§ Dataset content:
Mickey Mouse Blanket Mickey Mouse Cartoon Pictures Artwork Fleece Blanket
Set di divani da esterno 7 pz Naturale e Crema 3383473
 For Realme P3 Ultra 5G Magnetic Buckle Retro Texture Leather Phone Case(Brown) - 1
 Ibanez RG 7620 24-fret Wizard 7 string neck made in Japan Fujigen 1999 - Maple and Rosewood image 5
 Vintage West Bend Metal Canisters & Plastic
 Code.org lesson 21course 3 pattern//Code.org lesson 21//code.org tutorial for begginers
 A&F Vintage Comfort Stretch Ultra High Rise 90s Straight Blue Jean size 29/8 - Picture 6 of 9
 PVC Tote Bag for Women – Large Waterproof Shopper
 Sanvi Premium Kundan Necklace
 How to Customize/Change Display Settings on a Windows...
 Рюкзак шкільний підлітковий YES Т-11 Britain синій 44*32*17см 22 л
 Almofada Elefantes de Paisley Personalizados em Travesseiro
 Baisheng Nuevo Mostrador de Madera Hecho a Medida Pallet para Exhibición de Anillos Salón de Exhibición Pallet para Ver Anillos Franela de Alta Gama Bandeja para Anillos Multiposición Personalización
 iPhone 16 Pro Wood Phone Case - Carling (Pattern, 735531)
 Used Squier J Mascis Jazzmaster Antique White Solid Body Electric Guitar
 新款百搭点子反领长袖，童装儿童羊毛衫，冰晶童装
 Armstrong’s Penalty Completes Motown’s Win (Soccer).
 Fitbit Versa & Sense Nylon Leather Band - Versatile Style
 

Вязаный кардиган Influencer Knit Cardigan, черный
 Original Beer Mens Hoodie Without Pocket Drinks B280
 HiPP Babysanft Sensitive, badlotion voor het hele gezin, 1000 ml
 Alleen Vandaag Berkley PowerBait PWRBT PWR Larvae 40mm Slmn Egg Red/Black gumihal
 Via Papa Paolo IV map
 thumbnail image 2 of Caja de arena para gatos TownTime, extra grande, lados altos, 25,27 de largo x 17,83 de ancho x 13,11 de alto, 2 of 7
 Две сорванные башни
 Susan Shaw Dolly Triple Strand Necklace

§ What you need to do:
The reply should hold only the lines of the listing above starting at the line containing "Baisheng Nuevo Mostrador" and ending at the line containing "Via Papa Paolo IV map", exactly as written.

§ Exercise output:
 Baisheng Nuevo Mostrador de Madera Hecho a Medida Pallet para Exhibición de Anillos Salón de Exhibición Pallet para Ver Anillos Franela de Alta Gama Bandeja para Anillos Multiposición Personalización
 iPhone 16 Pro Wood Phone Case - Carling (Pattern, 735531)
 Used Squier J Mascis Jazzmaster Antique White Solid Body Electric Guitar
 新款百搭点子反领长袖，童装儿童羊毛衫，冰晶童装
 Armstrong’s Penalty Completes Motown’s Win (Soccer).
 Fitbit Versa & Sense Nylon Leather Band - Versatile Style
 

Вязаный кардиган Influencer Knit Cardigan, черный
 Original Beer Mens Hoodie Without Pocket Drinks B280
 HiPP Babysanft Sensitive, badlotion voor het hele gezin, 1000 ml
 Alleen Vandaag Berkley PowerBait PWRBT PWR Larvae 40mm Slmn Egg Red/Black gumihal
 Via Papa Paolo IV map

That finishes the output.